Friday, December 05, 2014

More Questions Raised About Seemingly Fabricated UVA Rape Story


It looks like Rolling Stone may have something much more foul smelling than mud on its face as the pilloried UVA fraternity, Phi Kappa Psi, rebuts many of the key details of the story of gang rape told by "Jackie" to Rolling Stone contributing editor Sabrina Rubin Erdely who apparently never bothered to fact check her story - perhaps out of eagerness to "break a big story."  Andrew Sullivan correctly notes:
How an editor ran this piece without even speaking to its author is beyond me; how fact-checkers did not discover some of these obvious discrepancies immediately is also astounding. I guess when you’re on a crusade, “fake but true” will do.
Whatever their motivation, "Jackie" and Erdely have harmed the cause of the right of women to safety on campus by making officials more likely to question rape allegations than before "the big story."  Something about the story never rang true with me after attending UVA as both an undergraduate and as a law student not to mention having numerous family members who are graduates.  If there is to be justice, I hope that Phi Kappa Psi aggressively goes after "Jackie" who seems to have played many into making jack asses of themselves.  Oh, and perhaps Jackie needs to be charged with an Honor Code violation and brought before the UVA Honor Council for bald face lying (if found guilty, expulsion from the University is the sanction).  Here are details from the Washington Post on the rapidly collapsing Rolling Stone story:
Several key aspects of the account of a gang rape offered by a University of Virginia student in Rolling Stone magazine have been cast into doubt, including the date of the alleged attack and details about an alleged attacker, according to interviews and a statement from the magazine backing away from the article.

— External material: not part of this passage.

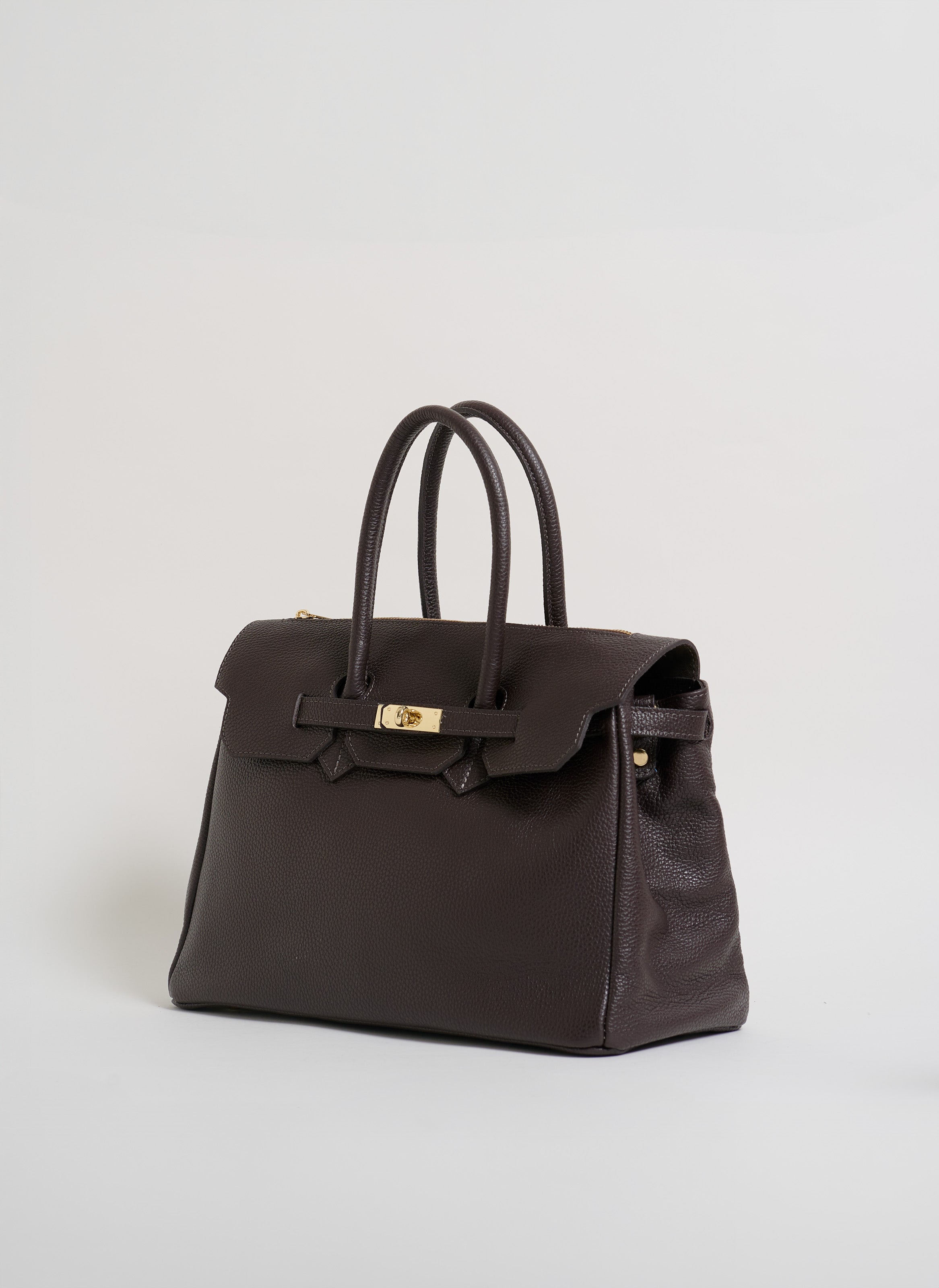 Borsa Elizabeth in Pelle Togo Testa di Moro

The U-Va. fraternity chapter where the alleged attack on a student named Jackie was said to have occurred in September 2012 released a statement Friday afternoon denying that such an assault took place in its house. Phi Kappa Psi said it has been working with police to determine whether the account of a brutal rape at a party there was true. The fraternity members say that several important elements of the allegations were false.

A group of Jackie’s close friends, who are sex assault awareness advocates at U-Va., said they believe something traumatic happened to her, but they also have come to doubt her account. They said details have changed over time, and they have not been able to verify key points of the story in recent days. A name of an alleged attacker that Jackie provided to them for the first time this week, for example, turned out to be similar to the name of a student who belongs to a different fraternity, and no one by that name has been a member of Phi Kappa Psi.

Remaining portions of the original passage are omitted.